- _Data segment_:
= = = =

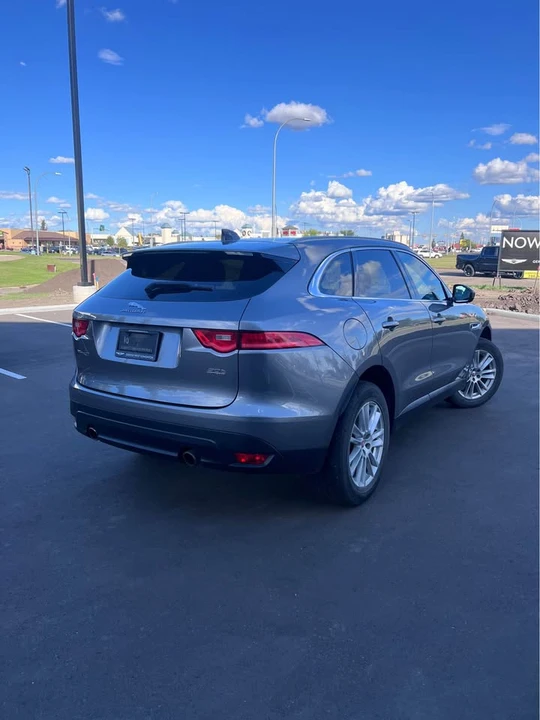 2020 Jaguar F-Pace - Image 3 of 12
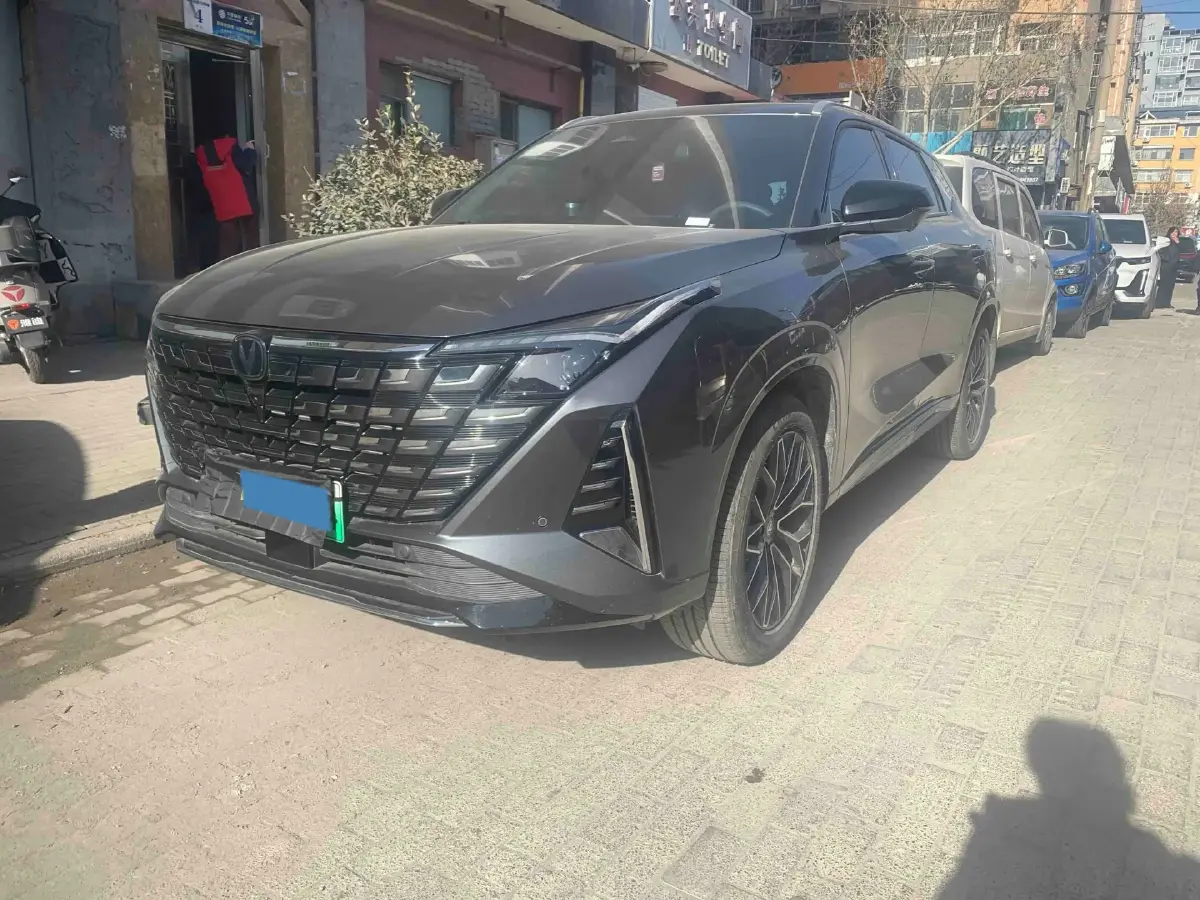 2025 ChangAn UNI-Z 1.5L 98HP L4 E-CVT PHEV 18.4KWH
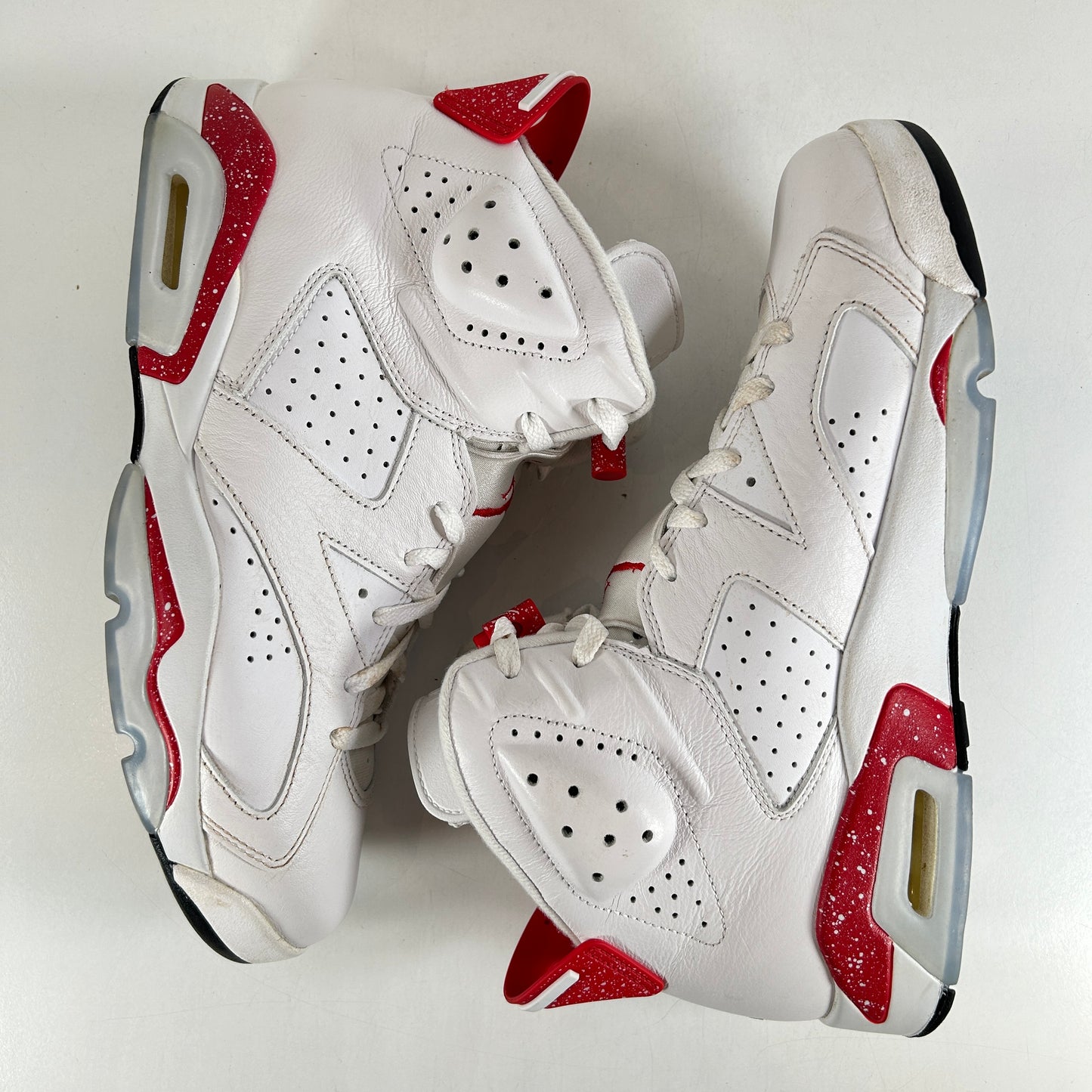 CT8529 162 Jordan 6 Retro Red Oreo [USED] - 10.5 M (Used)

= = = =

- _What to produce_: Reproduce the data above exactly, leaving out any picture in it.

- _Task output_:
 2020 Jaguar F-Pace - Image 3 of 12
 2025 ChangAn UNI-Z 1.5L 98HP L4 E-CVT PHEV 18.4KWH
 CT8529 162 Jordan 6 Retro Red Oreo [USED] - 10.5 M (Used)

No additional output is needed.